Most outdoor enthusiasts are aware of the National Parks, National Monuments, National Forests, National Grasslands, National Seashores, and even National Wildlife Refuges … but did you know the United States also has a National Trails System? In fact, the National Trails System in the U.S. totals more than 60,000 miles in all 50 states. That’s nearly 25 percent longer than the U.S. Interstate highway system that has just 46,876 miles.

2018 will mark the 50th anniversary of the National Trails System Act authorized by Congress in October of 1968. In the official proclamation the system was created to: “… promote the preservation of, public access to, travel within, and enjoyment and appreciation of the open-air, outdoor areas and historic resources of the Nation.”

an easily accessible, welcoming stretch of the Appalachian Trail in New Hampshire

11 National Scenic Trails

There are 11 trails designated as National Scenic Trails and 19 as National Historic Trails. Both these designations are made by Congress. The system also includes more than 1,000 National Recreation Trails designated by the Departments of Interior or Agriculture. These are found in every state, Washington D.C., and Puerto Rico.

Arguably, the most well-known trail in the National Trail System is the Appalachian Trail running between Springer Mounting in northern Georgia to Mount Katahdin near Millinocket, Maine. It’s nearly 2,200 miles long though the exact length changes occasionally as parts of the trail are modified. It’s estimated that 2-3 million people take at least a one-day hike on a portion of the Appalachian Trail every year.

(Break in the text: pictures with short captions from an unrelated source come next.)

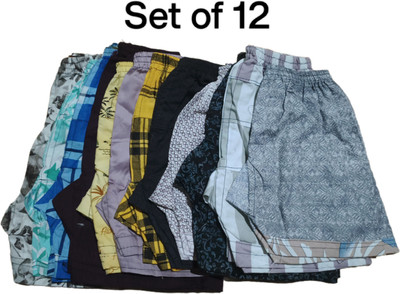 Megahub Short For Boys Casual Checkered, Printed Pure Cotton(Multicolor, Pack of 12)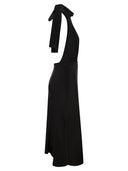 Elisabetta Franchi Satin Midi Dress With Asymmetric Skirt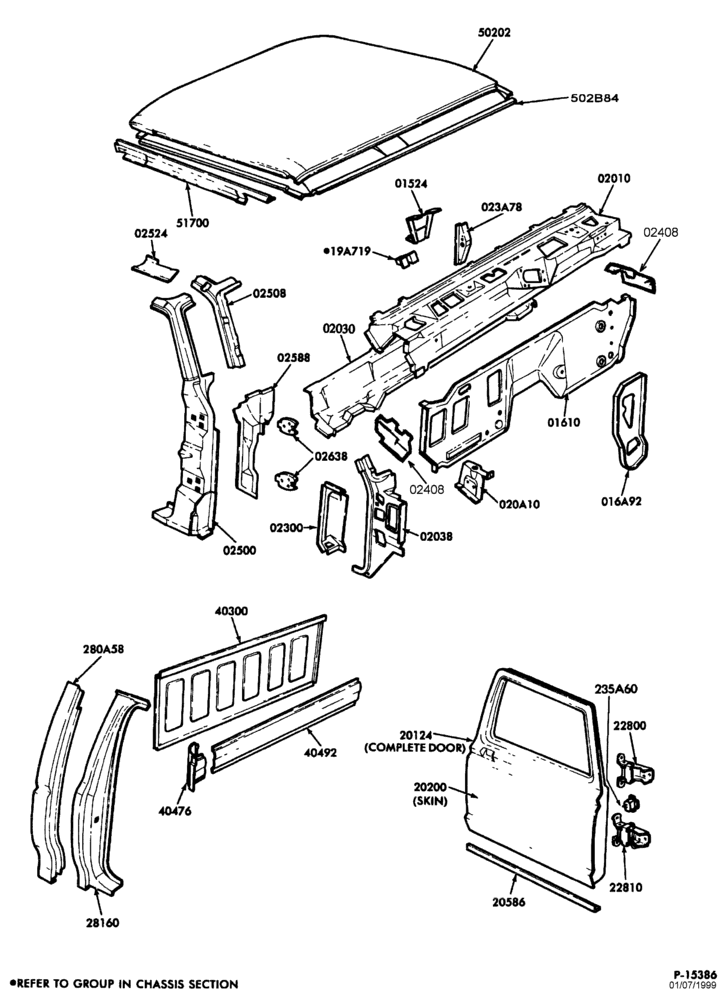 Схема LIFT/TAILGATE, BACK-OF-CAB, BACK WINDOW-Sheet metal - upper body-F-FT600/900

The other 10 National Scenic Trails are the:

Arizona Trail – 800 miles from Utah to Mexico

Continental Divide Trail – 3100 miles from Canadian border in Montana to Mexican border in Arizona

Florida Trail – 1000 miles current, plus 300 planned from Big Cypress National Preserve between Miami and Naples to Gulf Islands National Seashore at Pensacola Beach.

Ice Age Trail – 1000 miles winding through Wisconsin from Interstate Park on the St. Croix River to Potawatomi State Park in Door County.

Natchez Trace Trail – 444 miles from Natchez, Mississippi to Nashville, Tennessee

New England Trail – 215 miles through Connecticut and Massachusetts.

North Country Trail – 4600 miles from Crown Point in eastern New York to Lake Sakakawea State Park in North Dakota (It’s thelongest of the National Scenic Trails.)

Pacific Crest Trail – 2600 miles from Mexican border near Camp, California to Manning Provincial Park in British Columbia, Canada

Pacific Northwest Trail – 1200 miles from the Continental Divide in Montana to the Pacific Ocean at the Olympic Peninsula in Washington.

Potomac Heritage Trail – 710 miles (current and planned) in Pennsylvania, Maryland, and Virginia.

hiker's shoes treading the Appalachian Trail

19 National Historic Trails

There are also 19 National Historic trails that commemorate historic and prehistoric routes of travel that are significant to the entire nation. Examples include the:

Iditarod Trail – 2350 miles in Alaska

Nez Perce Trail – 1170 miles in Montana, Wyoming, Idaho, and Oregon

Mormon Pioneer Trail – 1300 miles in Illinoi, Iowa, Wyoming, Nebraska, and Utah

Lewis and Clark Trail – 3700 miles in Illinois, Missouri, Kansas, Iowa, Nebraska, South Dakota, North Dakota, Montana, Idaho, Oregon, and Washington

More Than 1,000 National Scenic Trails

While all of the trails in the National Trail System have mapped routes, many are under constant development and expansion. The ultimate goal is to make every inch of these trail systems hikeable and open to the public. However, as the estimated 18,000 people who have hiked the whole Appalachian Trail since its completion in 1937 will tell you, not every step will be “easy.”